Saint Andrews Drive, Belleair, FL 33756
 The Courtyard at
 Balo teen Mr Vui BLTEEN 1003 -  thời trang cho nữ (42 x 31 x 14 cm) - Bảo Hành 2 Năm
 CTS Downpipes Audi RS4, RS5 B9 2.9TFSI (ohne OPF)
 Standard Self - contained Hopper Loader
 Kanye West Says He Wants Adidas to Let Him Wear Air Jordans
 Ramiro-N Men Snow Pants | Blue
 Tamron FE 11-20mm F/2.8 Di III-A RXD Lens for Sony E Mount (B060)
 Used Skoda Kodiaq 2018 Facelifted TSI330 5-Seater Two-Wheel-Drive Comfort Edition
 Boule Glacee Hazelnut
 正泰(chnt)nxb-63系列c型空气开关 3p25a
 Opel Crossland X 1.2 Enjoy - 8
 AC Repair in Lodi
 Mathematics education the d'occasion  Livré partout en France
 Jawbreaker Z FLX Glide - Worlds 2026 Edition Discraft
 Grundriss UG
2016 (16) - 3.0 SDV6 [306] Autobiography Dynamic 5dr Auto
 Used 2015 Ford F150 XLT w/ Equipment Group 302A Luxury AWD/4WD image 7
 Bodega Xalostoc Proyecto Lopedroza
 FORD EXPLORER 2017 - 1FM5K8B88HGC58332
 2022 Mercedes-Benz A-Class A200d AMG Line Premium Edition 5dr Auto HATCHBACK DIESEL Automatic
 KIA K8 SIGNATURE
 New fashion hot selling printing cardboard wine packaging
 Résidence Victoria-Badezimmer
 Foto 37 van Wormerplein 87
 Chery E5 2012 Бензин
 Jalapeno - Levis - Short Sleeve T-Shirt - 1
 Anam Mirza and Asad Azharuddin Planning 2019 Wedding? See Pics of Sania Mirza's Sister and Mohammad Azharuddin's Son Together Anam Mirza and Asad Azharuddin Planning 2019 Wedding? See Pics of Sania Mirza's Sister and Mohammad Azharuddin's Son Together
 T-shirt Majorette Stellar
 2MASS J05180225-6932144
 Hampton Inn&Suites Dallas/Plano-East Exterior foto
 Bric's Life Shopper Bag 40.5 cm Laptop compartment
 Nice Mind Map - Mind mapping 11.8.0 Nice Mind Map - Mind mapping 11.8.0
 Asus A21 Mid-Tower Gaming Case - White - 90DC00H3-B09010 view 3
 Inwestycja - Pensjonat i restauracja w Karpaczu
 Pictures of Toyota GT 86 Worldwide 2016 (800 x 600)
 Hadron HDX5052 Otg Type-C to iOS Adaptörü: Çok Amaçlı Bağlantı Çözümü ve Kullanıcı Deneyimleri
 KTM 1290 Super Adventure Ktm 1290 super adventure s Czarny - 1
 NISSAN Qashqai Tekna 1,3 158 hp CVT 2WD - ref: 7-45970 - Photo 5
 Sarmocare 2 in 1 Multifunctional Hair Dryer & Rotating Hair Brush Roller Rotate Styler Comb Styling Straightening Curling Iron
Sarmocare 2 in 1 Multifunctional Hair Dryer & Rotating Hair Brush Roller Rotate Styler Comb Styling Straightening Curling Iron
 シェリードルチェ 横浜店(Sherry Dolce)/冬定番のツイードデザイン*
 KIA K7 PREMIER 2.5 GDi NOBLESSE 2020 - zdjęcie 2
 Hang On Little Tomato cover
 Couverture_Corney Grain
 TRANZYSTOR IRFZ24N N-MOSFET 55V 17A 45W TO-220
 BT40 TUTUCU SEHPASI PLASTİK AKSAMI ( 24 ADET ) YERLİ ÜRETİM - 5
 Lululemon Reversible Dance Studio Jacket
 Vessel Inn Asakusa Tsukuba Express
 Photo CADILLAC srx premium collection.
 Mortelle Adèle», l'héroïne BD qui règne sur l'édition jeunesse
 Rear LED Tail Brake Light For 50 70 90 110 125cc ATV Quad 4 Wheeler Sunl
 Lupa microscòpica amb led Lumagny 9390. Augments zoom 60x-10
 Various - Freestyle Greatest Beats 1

········

* **Work order**: Only the lines from the start of the listing through the line with "2016 (16) - 3.0" should be repeated, each exactly as it stands.

* **Written answer**:
Saint Andrews Drive, Belleair, FL 33756
 The Courtyard at
 Balo teen Mr Vui BLTEEN 1003 -  thời trang cho nữ (42 x 31 x 14 cm) - Bảo Hành 2 Năm
 CTS Downpipes Audi RS4, RS5 B9 2.9TFSI (ohne OPF)
 Standard Self - contained Hopper Loader
 Kanye West Says He Wants Adidas to Let Him Wear Air Jordans
 Ramiro-N Men Snow Pants | Blue
 Tamron FE 11-20mm F/2.8 Di III-A RXD Lens for Sony E Mount (B060)
 Used Skoda Kodiaq 2018 Facelifted TSI330 5-Seater Two-Wheel-Drive Comfort Edition
 Boule Glacee Hazelnut
 正泰(chnt)nxb-63系列c型空气开关 3p25a
 Opel Crossland X 1.2 Enjoy - 8
 AC Repair in Lodi
 Mathematics education the d'occasion  Livré partout en France
 Jawbreaker Z FLX Glide - Worlds 2026 Edition Discraft
 Grundriss UG
2016 (16) - 3.0 SDV6 [306] Autobiography Dynamic 5dr Auto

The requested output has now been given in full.